**What is needed:**
Given these entries, repeat exactly the lines starting with the one that has "Forest, VA 24551" and going on through the one that has "Tadano Rough Terrain", both included, but none of the pictures.

**Provided records:**
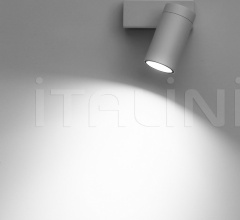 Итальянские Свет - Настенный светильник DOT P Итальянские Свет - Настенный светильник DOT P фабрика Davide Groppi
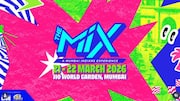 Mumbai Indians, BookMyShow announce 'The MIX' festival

* * *

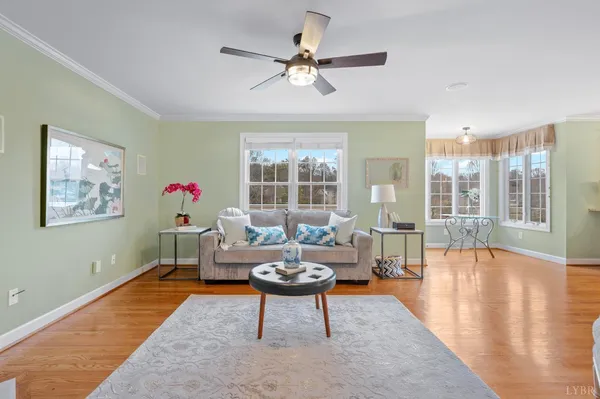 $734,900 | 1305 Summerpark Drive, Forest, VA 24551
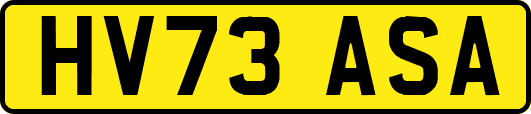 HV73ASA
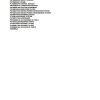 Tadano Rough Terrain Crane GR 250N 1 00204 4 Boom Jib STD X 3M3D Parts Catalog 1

**Completed task:**
 $734,900 | 1305 Summerpark Drive, Forest, VA 24551
 HV73ASA
 Tadano Rough Terrain Crane GR 250N 1 00204 4 Boom Jib STD X 3M3D Parts Catalog 1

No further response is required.